Step 4: Revisiting the Velocity Thesis
Plotting VOLT’s utility value over time, we see the velocity thesis’ core prediction in action as utility value peaks in 2025 and declines through 2028. Viewed through the prism of the INET model, this would appear strange as between 2025 and 2028 VOLT GDP grows nearly 100%, yet utility value per token declines.
This decline would not register in the INET approach, as demand for the token and demand for the resource are treated as one and the same. To explain what is happening under the hood, we return to the core prediction of the velocity thesis: As friction in the cryptoeconomy declines, demand for utility tokens falls as velocity growth overtakes PQ growth.
As we can see, despite the fact that during 2026–2028 GDP still grows at a rapid (albeit decelerating) pace, velocity grows even faster, putting downward pressure on price. Conceptually, even though users buy nearly double the amount of electricity using VOLT in 2028 than they do in 2025, they are able to satisfy this higher demand while still holding nearly two-thirds less in VOLT balances on average. In other words, collapsing transaction costs allow them to hold more of their wealth in the store-of-value asset, making many smaller transfers of VOLT as opposed to few larger ones to avoid forgoing return, leading to higher velocity/lower money demand. While velocity is a function of GDP, it is also a function of transaction costs, which begin to register dramatic declines after 2025. If, for example, we had projected transaction costs to decline at a steady rate, say 10%, the price decline would be delayed to 2028 as both velocity and GDP would fall together in the interim.
While we can deduce the strong correlation between velocity, VOLT GDP, and transaction costs just by looking at the formulas, the relation between GDP and utility value is what truly matters to our conclusion as per the velocity thesis.
Here we see the how endogenous velocity allows us to decouple utility value from GDP growth. In the INET model, the correlation between GDP growth and INET value is a perfect 1:1 and the correlation between velocity and GDP growth is zero (velocity is fixed). In our model, the correlation between GDP growth and utility value is 0.34. This is what is driving the result.
The final point to note about our results is that the utility value of VOLT largely depends on factors outside of VOLT’s ecosystem. Namely, expected returns and transaction costs.
In the sensitivity analysis, we see that VOLT’s discounted future utility value varies significantly based on different inputs for C and R (values below our current discounted utility value projection are highlighted in red).
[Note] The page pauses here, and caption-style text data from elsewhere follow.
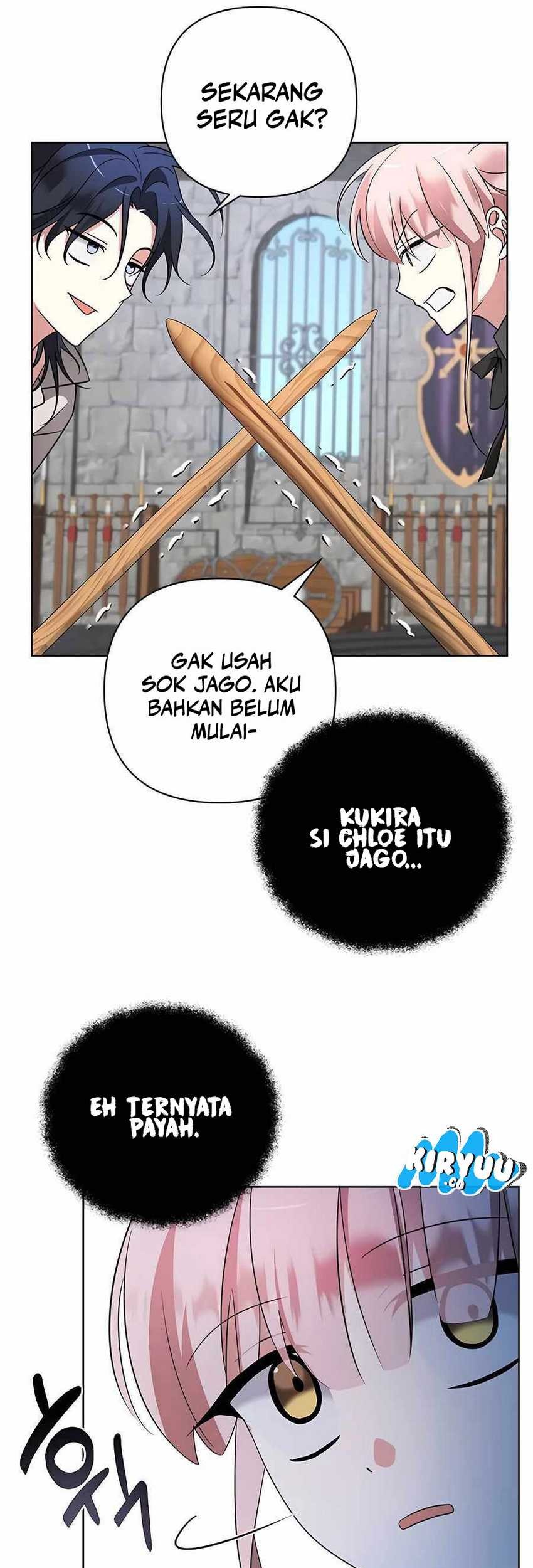 My Ruined Academy Life Chapter 8 - halaman 42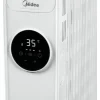 Ölradiator 'NY2513-22MR' weiß 13 Rippen 2500 W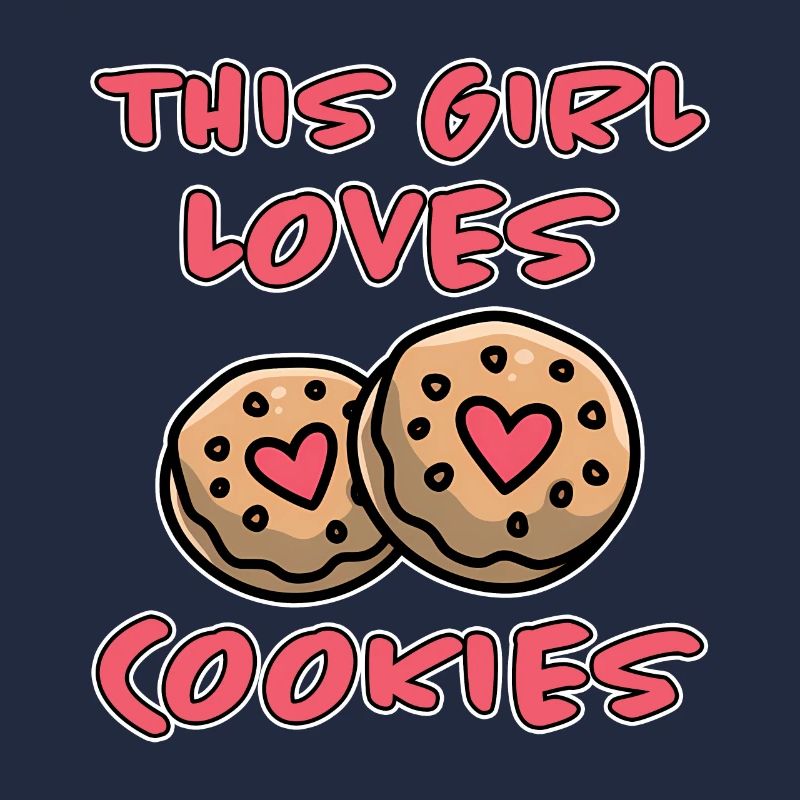 Cookies Disant Biscuits au Chocolat Cadeau de Cookie Drôle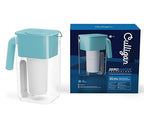 Culligan with ZeroWater Technology 10-Cup Water Filter Pitcher – Includes - Image 2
This is where I would like to spend more time developing better estimates.
Parting Thoughts
Our valuation techniques are ultimately only as good as our accounting standards, measurement tools, and theoretical understanding of value. To that aim, I hope this piece has clarified some of the theoretical valuation debates unfolding in the investment community and has offered some helpful tools for modeling the value of cryptoassets. There are undoubtedly countless mistakes and simplifications in this approach that I hope subsequent discussion will illuminate. I look forward to these debates.
Many thanks to Steven Mckie for helping me think through this piece, Oliver Beige for kindly sanity checking the economic logic, as well as everyone cited above for their thought-provoking work on cryptoasset valuations and beyond.